Si cela peut vous rassurez . Je tiens à vivre tranquillement dans ce pays et surtout ne pas avoir d’ennui.Une fois nos explications fournies sur les circonstances qui nous avaient amenées à l’intérieur du fameux bâtiment nous avons été autorisés à regagner nos domicile. IL nous a été recommandé de rester discret sur cet incident .Le capitaine YARK savait que j’étais pieds et poings liés. Quant au capitaine ANTOINE et ses quinze jours de présence au Togo ne se sentait pas très concerné, il n’aspirait qu’à une chose passé un séjour sans histoire.L’affaire suit son court et en fin de matinée je me rends au domicile du Colonel Alain AMORY du 6 ième régiment parachutisme d’infanterie de marine et conseiller technique auprès du général TIDJANI camarade de promo de Saint CYR dudit général Je sais déjà ce qui t’amène me dit-il, je suis au courant de l’affaire, LAOKPESSI a demandé au Président EYADEMA ton expulsion du TOGO après avoir au préalable rendu compte à TIDJANI, et je te rassure de suite le Président a refusé. Me voilà donc soulagé mais pour combien de temps ? LOAKPESSI forcément très déçu de n’avoir pas été suivi craignait qu’il ne lui soit reproché un manque de vigilance voire de laxisme et d’être considéré comme l’unique responsable aux yeux de celui qui l’avait placé à ce poste de commandement.

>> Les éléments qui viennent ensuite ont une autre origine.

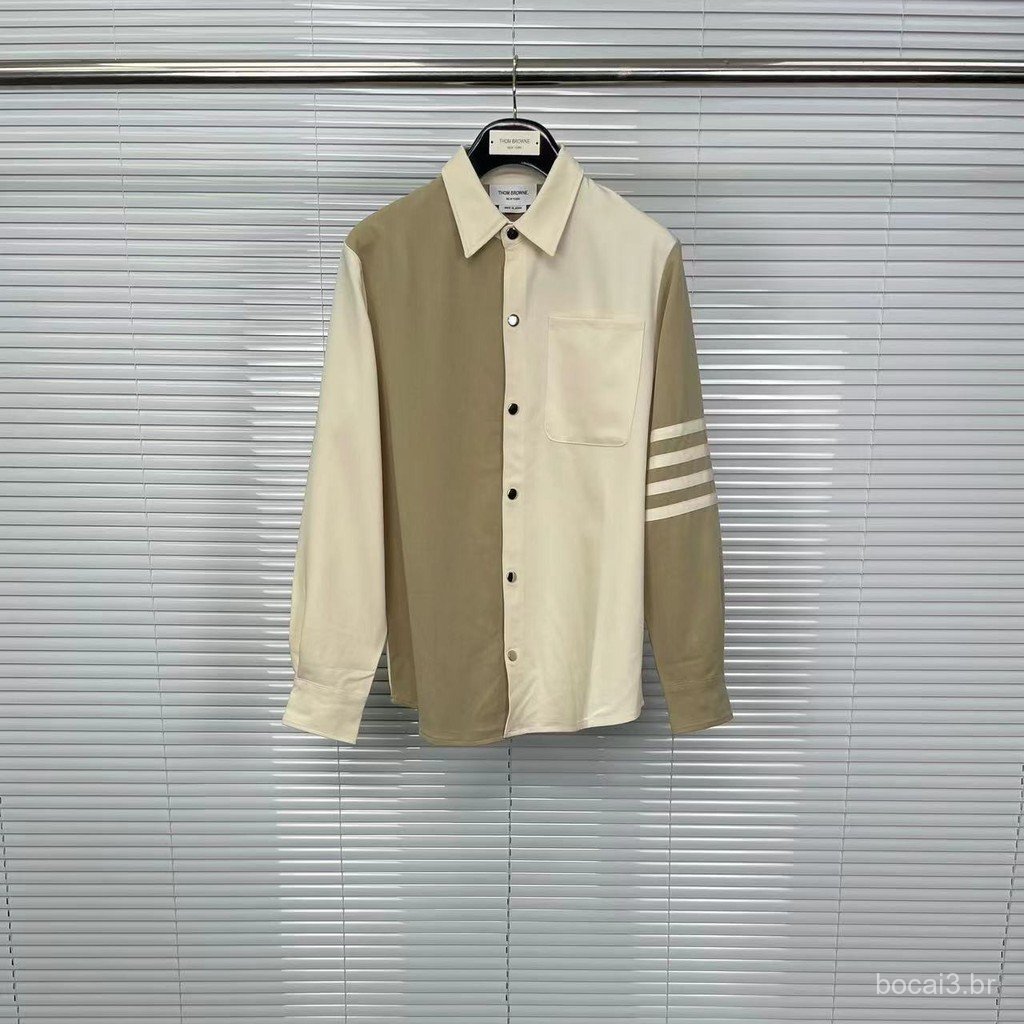4F0T Autumn jacket with four-stripe contrast color turn-down collar shirt top, casual style for both men and women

Un incident donc préjudiciable pour son avenir pouvant peut-être même porter un coup d’arrêt à sa carrière LAOKPESSI comme un chien enragé veut mordre tout le monde, de lourdes sanctions seront prise à l’encontre du gendarme qui m’a ouvert la porte le chef de poste et l’officier de permanence seront mis aux arrêts Deux mois après l’incident je de nouveau convoqué avec ANTOINE dans le bureau du colonel LAOKPESSI toujours très remonté et ne digérant pas cette histoire.il nous fera un sermon auquel nous n’avons pas répondu.

La clémence présidentielle avait été décidée juste pour ne pas polluer les relations entre la France et le Togo à peine réchauffée après le coup de froid des années 1990-91. LOAKPESSI cynique et revanchard guettera le moindre de mes faux pas.